A l’aube des années 80, Strasbourg vivait le punk et le rock’n’roll à fond les ballons : scènes locales, bars et clubs formaient un terreau propice. Entre 1982 et 1988, la formation punk-rock les Crabes connaitra une existence chaotique et underground, et cet EP reste le témoin privilégié de l’urgence qui les caractérisait.
En 1982, peu nombreux sont les groupes strasbourgeois ayant sorti un 45t. Citons Flash Gordon et leur excellent Vive Le Gouvernement et les Nec + Ultra avec leur single Week End Sanglant sorti sur Punk Records, label nancéien qui héberge KaS Product. Donc en 1982, dans une cave du centre de Strasbourg, Les Crabes répètent sans se douter qu’ils allaient changer de guitariste, recruter un batteur et enregistrer en 1988 quelques titres, dont trois sont enfin disponibles sur ce 45t.

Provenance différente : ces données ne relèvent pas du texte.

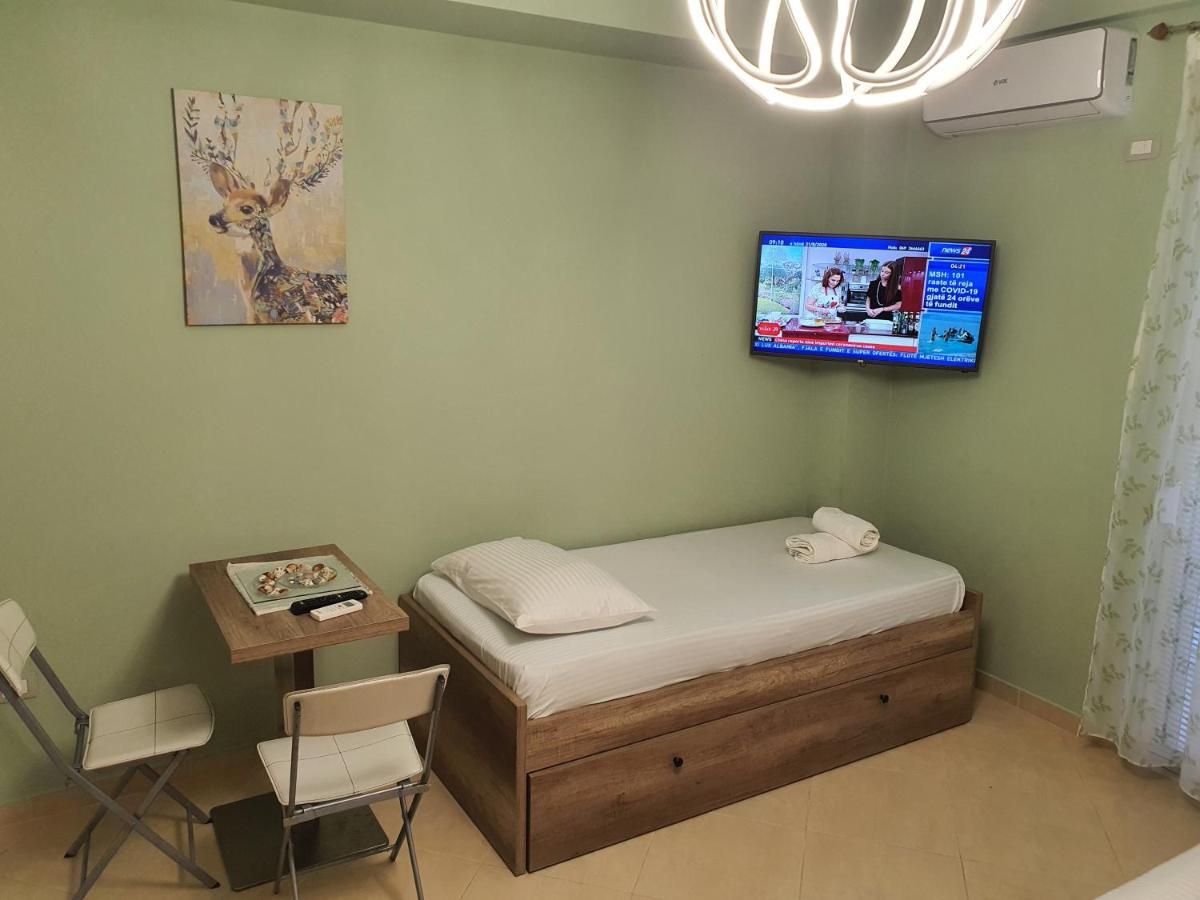 Deni Sea View Apartment Avlonya Dış mekan fotoğraf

La disparition récente du bassiste Philippe Bodet (ex-Imposteurs, Wild Disneys et futur Les Orques) poussera le batteur Olivier Terrasson (ex-Los Vulvos et futur Les Orques) à exhumer les bandes.
Au chant, Martine Manzano (ex- Horsex, Dorian Gray) se démène corps et âme, alors que le nouveau guitariste, Emmanuel Rouillon, adopte un jeu à la ligne claire. Et c’est tout l’intérêt des Crabes de proposer un cocktail rock&roll ascendance punk et cristallin à la fois. Le son reflète parfaitement l’époque, à la fois garage et élégant, les trois titres dont émergent quelques fulgurances sont enregistrés sur un quatre piste cassette Tascam dans leur cave.

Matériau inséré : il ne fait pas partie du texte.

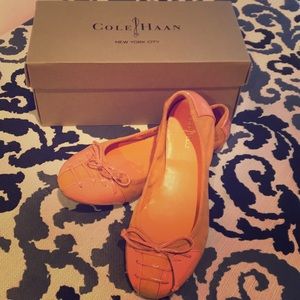 Size 7.5 Cole Haan ballet flats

« I » sonne comme une virée sur les terres communes aux Coronados, le chant en anglais est offensif et suggère la période new-yorkaise de Lizzy Mercier Descloux et les Stinky Toys. Même fraicheur, même envolée aux résonances sixties percutées par une section rythmique sous amphétamine.

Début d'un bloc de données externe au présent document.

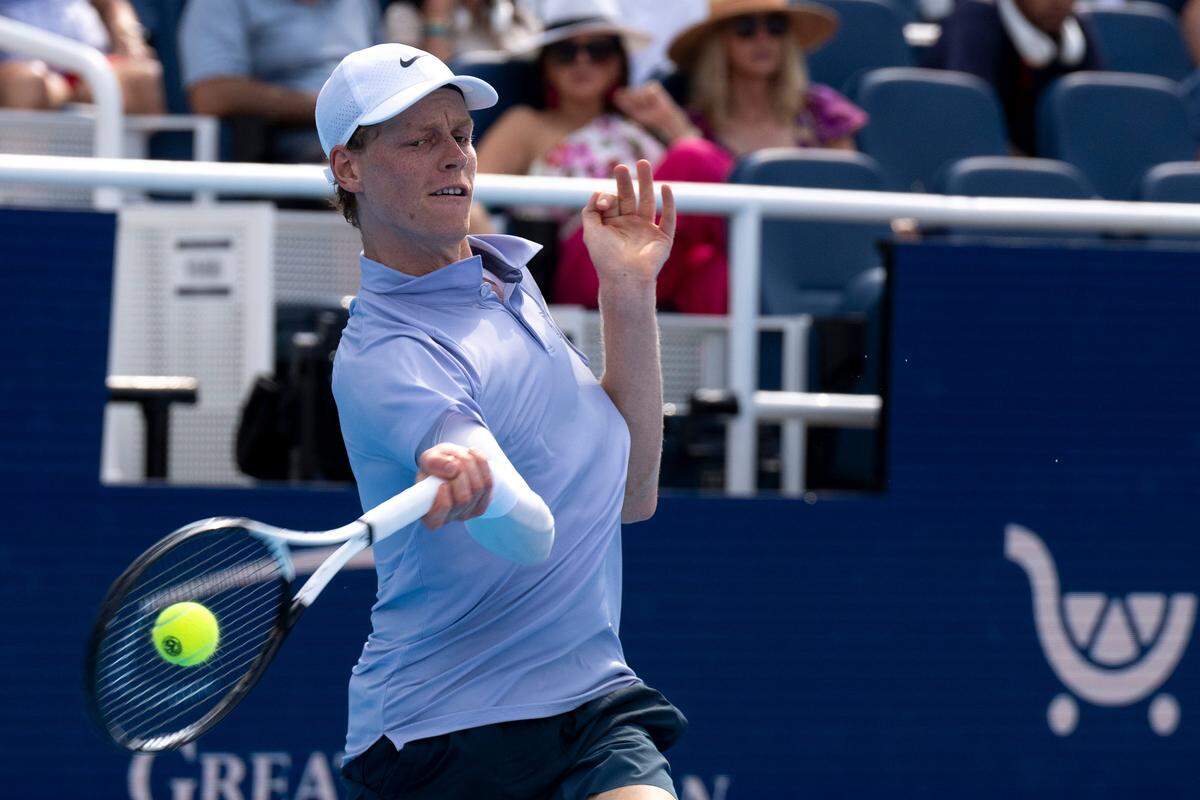 El italiano Jannik Sinner devuelve una pelota en el partido ante el francés Terence Atmane en el Masters 1000 de Cincinnati, celebrado el 16 de agosto de 2025 en Cincinnati.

« Les Héros », en français, fait la part belle à la guitare dont le son rappelle celui de Peter Buck de REM, la basse, à l’image de P. Bodet, ne fait pas dans la dentelle, suivie au cordeau par la batterie. Quelques chœurs masculins s’offrent au chant növo de circonstance. En face B, « 13e Etage » dont le texte névrotique mélange allègrement l’anglais au français, fonce en mode psychobilly qui sied parfaitement aux cris/chant troublants de M. Manzano et aux rythmes nerveux d’O. Terrasson.
Pour la postérité, Les Crabes auront croisé Dogs, The Vibes, The Milkshakes, et la sortie du 45t fait parfaitement office d’archive sonore passionnante.